Come fa la ’ndrangheta a sconfiggere lo Stato? «Non si muove in modo slegato ma unitario. Dispone di un organismo di vertice al quale tutte le realtà locali fanno riferimento. In Germania vi erano state frizioni con un’analoga cosca in Svizzera. A quel punto è intervenuto l’organismo di vertice – spiega de Raho – che ha appianato tutto, dettando regole, disciplina e coordinando anche gli investimenti. E qui risiede l’enorme pericolosità della ’ndrangheta e la sua capacità di muoversi in modo coordinato e unitario, su più territori che si trovano in connessione fra loro».

E qual è la risposta dello Stato? Lasciamo perdere. Anzi no. Prendete Gioia Tauro, che per ammissione della Procura è l’epicentro dei traffici di stupefacenti. Il governo vuole accorparlo a quelli siciliani, invece quel che servirebbe è una maggiore autonomia, la cosiddetta Zes ( Zona economica speciale) come lamenta il sindaco Giuseppe Pedà che avrebbe voluto una sorta di compensazione «in favore di un territorio che si era sobbarcato, nel nome di un solidarietà vera e non pelosa, l’onore di smaltire i veleni chimici siriani per aiutare e facilitare la risoluzione di un problema geopolitico che aveva assunto dimensioni globali».

Allo Stato della Calabria importa ben poco. A questo governo ancora meno. La Regione è paralizzata dalle inchieste giudiziarie: quella sui rimborsi elettorali negli anni dal 2010 al 2012 e che vede indagati 26 ex consiglieri ha visto cadere anche il presidente del Consiglio regionale Antonio Scalzo del Pd, non c’è traccia della giunta decapitata dalle indagini dopo le dimissioni dell’ex assessore ai trasporti Nino De Gaetano, agli arresti domiciliari nell’ambito dell’operazione «Erga Omnes»,  mentre l’ex assessore all’Agricoltura e foreste della Regione Calabria Michele Trematerra è finito nei guai per i suoi rapporti con la cosca Lanzino-Ruà di Cosenza che ne avrebbe avrebbe condizionato l’attività, con il gip che definisce il tutto come «desolante».

Nella terra in cui Rosetta Lopreiato, moglie del presunto boss della ’ndrangheta Leone Soriano, chiede ed ottiene 1.800 euro, vale a dire 8 euro di risarcimento per ognuno dei 229 giorni di detenzione al carcere «Panzera» di Reggio Calabria perché le misure della cella erano inferiori a quelle minime stabilite dalla normativa italiana c’è un’autostrada, la Salerno-Reggio Calabria, “sequestrata” dai pm dopo che un viadotto è crollato tra Laino Borgo e Mormanno.
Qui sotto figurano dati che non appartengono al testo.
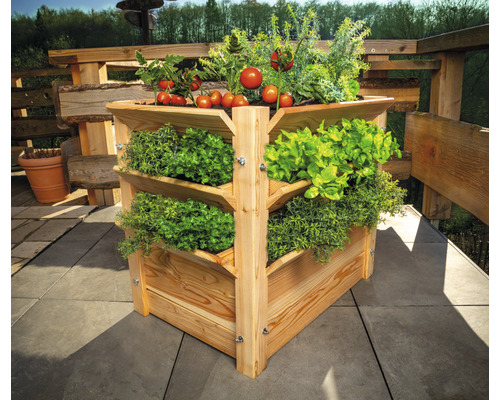 Třípatrový dřevěný bylinkový záhon s rajčaty, salátem a bylinkami na terase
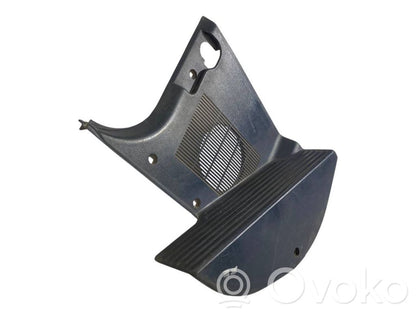 Kāju zonas sānu dekoratīvā apdare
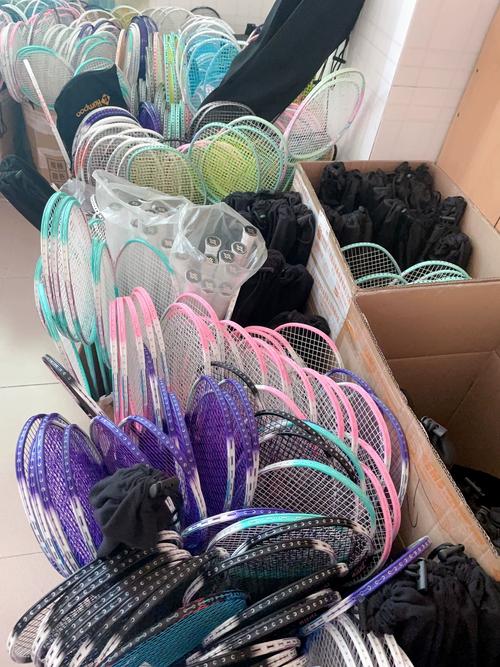 羽毛球拍一般在什么地方卖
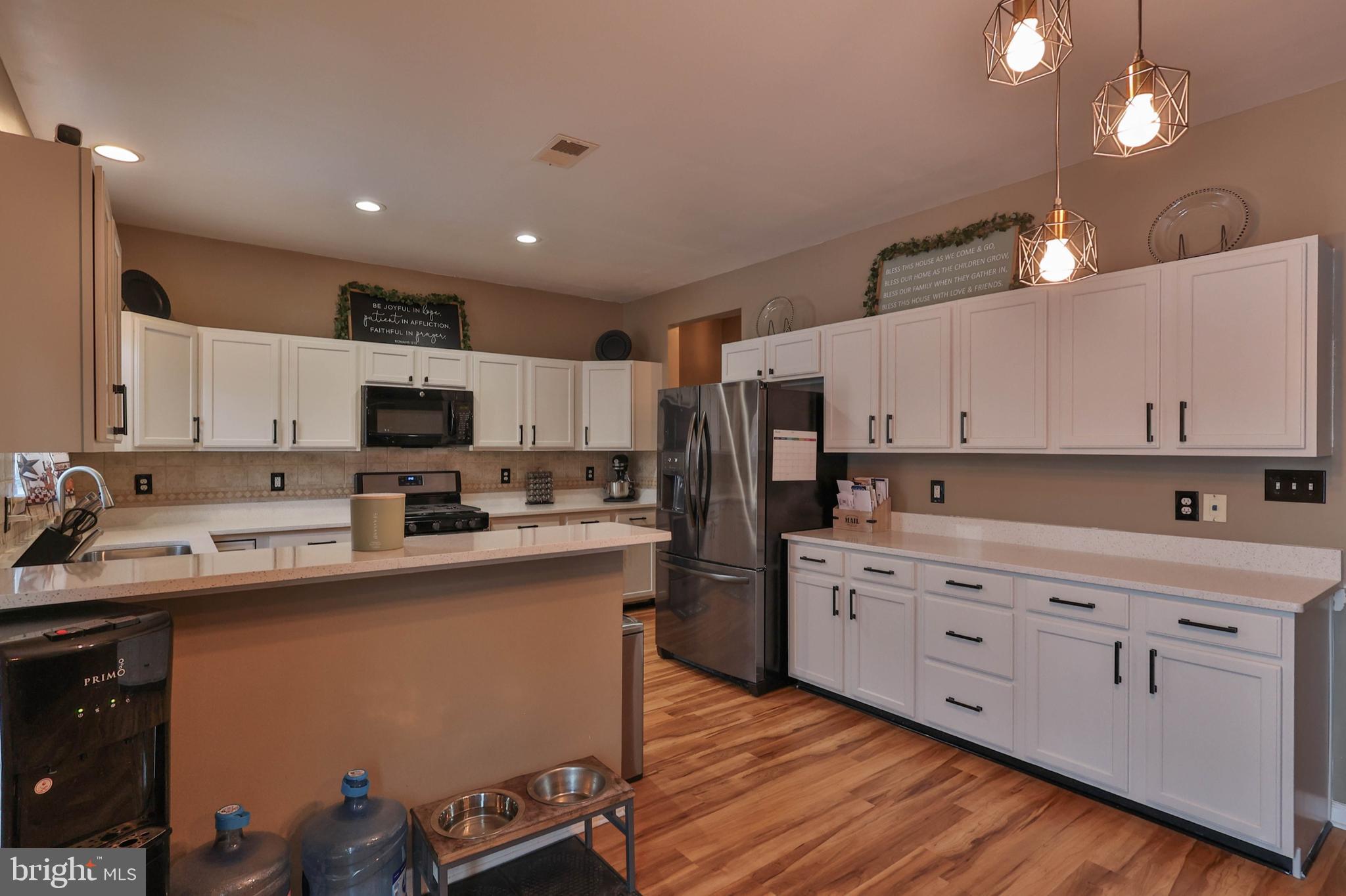 HILLS AT LOCK RIDGE - Residential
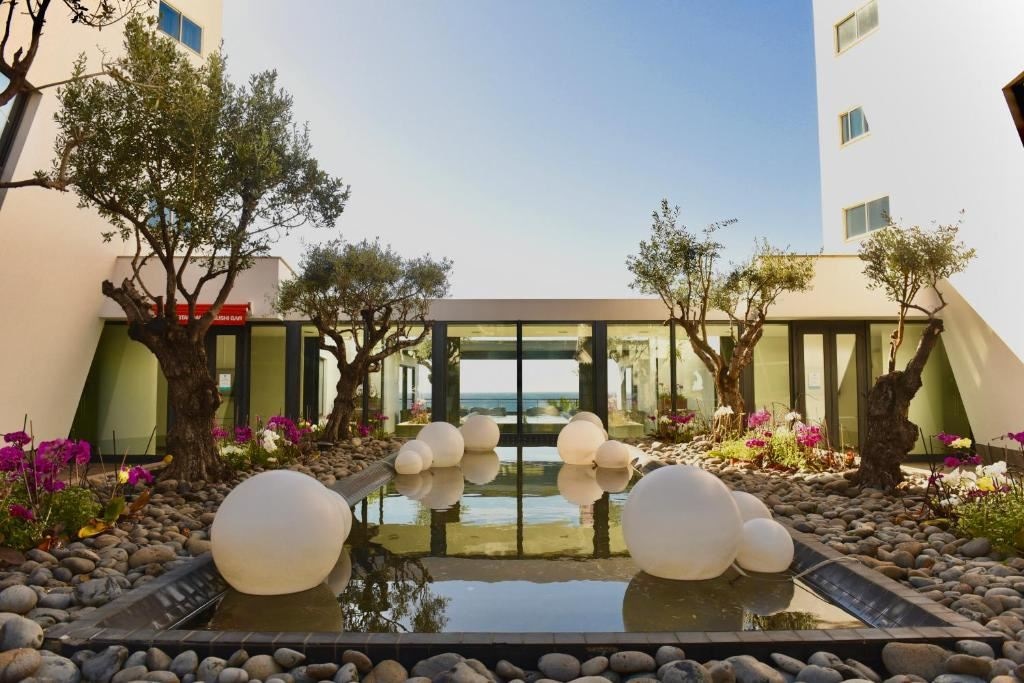 general-main-building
Da marzo il tratto è stato chiuso al traffico: adesso la Procura della Repubblica di Castrovillari, d’intesa con il procuratore generale di Catanzaro Raffaele Mazzotta, ha autorizzato l’Anas a demolire quattro campate del viadotto: una volta riaperta la carreggiata opposta – con le opportune verifiche, il tratto dovrebbe essere riaperto.

Peggio della ‘ndrangheta c’è la finta Antimafia. Peggio di quella vera c’è lo Stato che fa la faccia feroce con i poveri cristi.